One option to see the 'total' RAM usage during a reload is to setup a perfmon collector set, log everything to a file and then manually work out the peak RAM usage between the start and end of the reload?
https://techcommunity.microsoft.com/blog/askperf/windows-performance-monitor-overview/375481
Thank you @lachlanwcast
I like your suggestion. I'll give it a try.
I'll leave this thread open to see if there is other solutions.
-Youssef
You will get this information in Qlik Cloud Readiness app.
@PrashantSangle
Nope, all ETL apps (apps that nclude drop tables) shows "zero" on the used base ram, on the Readiness app and on all the monitoring apps out there.
Thanks anyway.
-Youssef
You may get respectively derive the Base RAM by reading the information from the stored files per filesize() and/or to store/drop temporary every load-step as file and fetching their information, too.

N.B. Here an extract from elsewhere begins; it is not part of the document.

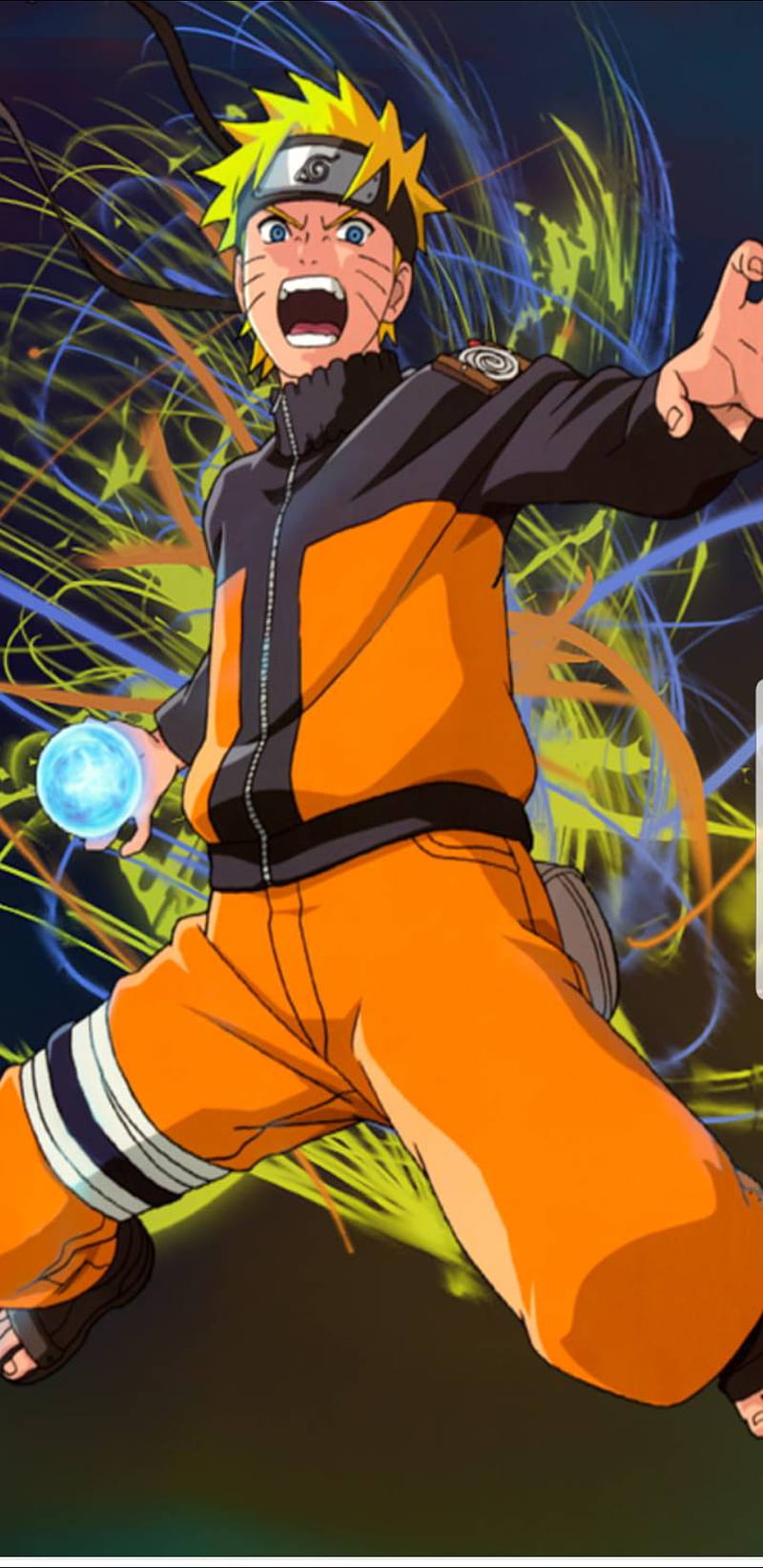 Naruto Rasengan from Naruto Shippuden for Desktop HD wallpaper download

Another approach might be to read the meta-data of the tables per loop over all fields and their fieldvaluecount() * avg() bytes per value + considering the size of the table-index per noofrows(). The results would be never exact but suitable to get an order of magnitude.
Both methods aren't without some efforts whereby the first one is rather simple and the second quite complex. But it won't be mandatory necessary to apply it against everything else just the few most heavy applications - I assume you knows already which ones.

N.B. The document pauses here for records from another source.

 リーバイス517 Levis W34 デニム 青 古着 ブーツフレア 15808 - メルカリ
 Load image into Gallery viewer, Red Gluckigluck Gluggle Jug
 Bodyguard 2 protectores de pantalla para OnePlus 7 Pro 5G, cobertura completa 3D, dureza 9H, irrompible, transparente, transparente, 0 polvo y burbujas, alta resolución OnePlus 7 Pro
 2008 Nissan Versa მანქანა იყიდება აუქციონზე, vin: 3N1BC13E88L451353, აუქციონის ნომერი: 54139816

Beside the above be aware that the RAM consumption during any joins/aggregations/crosstable/... might be much bigger as the final output-data. To fetch this kind of information you will need a look from the outside to the events of the ETL like mentioned by @lachlanwcast (you may also look for usable information within the performance-logs of the QS server).
Thank you @marcus_sommer
Very interesting approaches.
I'll take both and the give it a try.
The Ram consumption during joings/aggregations/cross etc I think I will not need it, because It will not be calculated by the resources of the machines that will host the Qlik data gateway, it will instead use the resources of the QlikCloud tenant.
My need is basically to calculate the amount of on-prem data uploaded to the tenant. to size correctly the Data gateway machines.
-Youssef
This means that mainly the sources of the raw-data define the sizing and that rather the sql/storage-system should answer the question. This might be further impacted by any incremental approaches or a data-compressing whereby such measurements would also create some efforts.

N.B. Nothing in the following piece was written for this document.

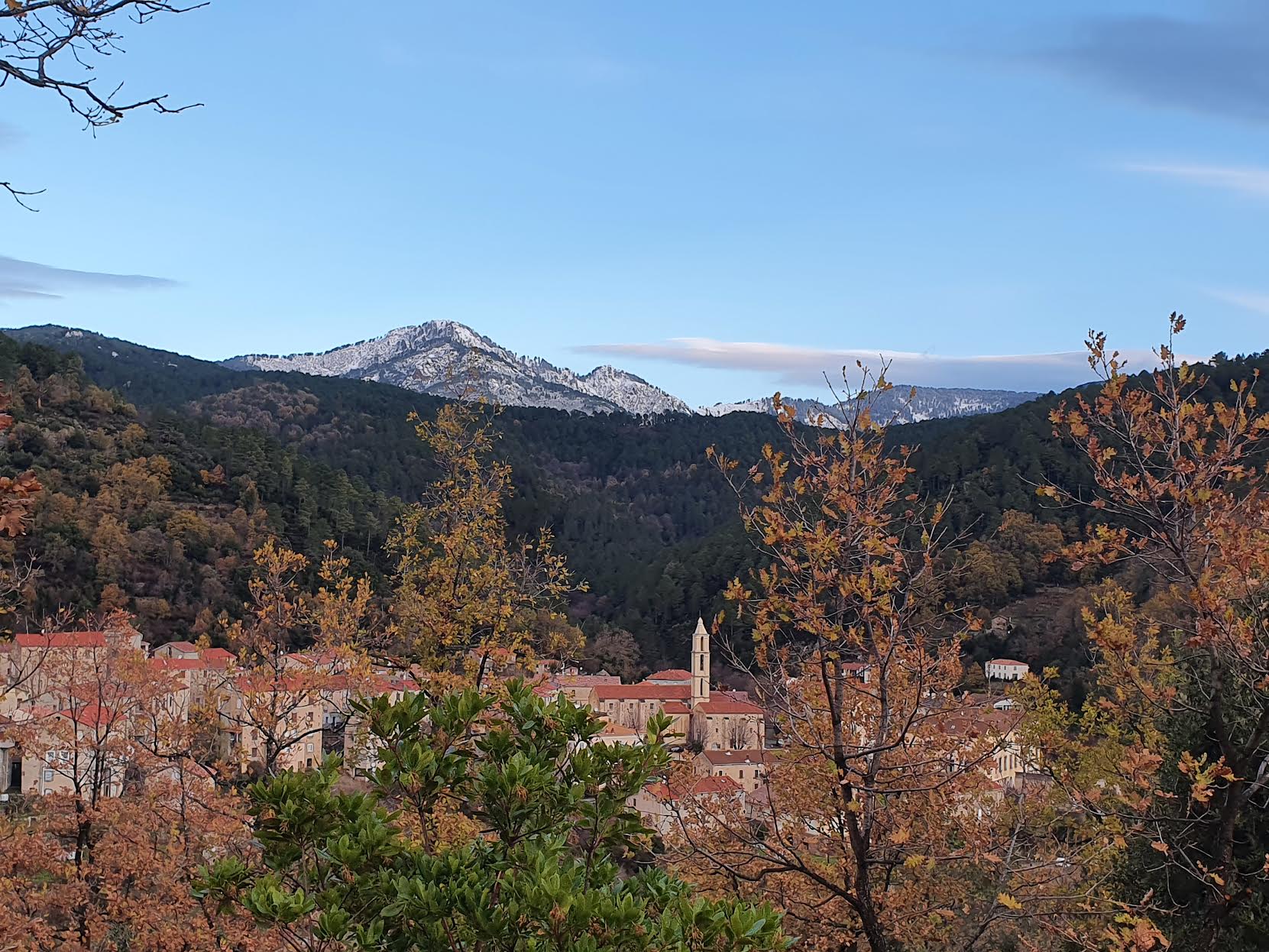 La photo du jour : u bellu paese di Ghisoni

It will help if it was the exact same size of the raw data. but on every sql script, there is explicit SELECT statement, not really SELECT *.
They are selecting the columns, making filters and aggregations, which reduce the amount of data comparing the raw/total data.
I think the most pragmatically approach would be to look manually for the 5 biggest loads and a simple calculation of:
((F1 * DataType) + (F2 * DataType) + (F3 * DataType) + ....) * Records
whereby Records is then an approximately assumption of % reduction from the filter-conditions and aggregations.
It should be enough in regard to the max. peak because the load-tasks are very likely scheduled in defined chains because the number of parallel tasks are restricted to the performance of the data-base and the network and there might be also various dependencies in regard to the task-orders.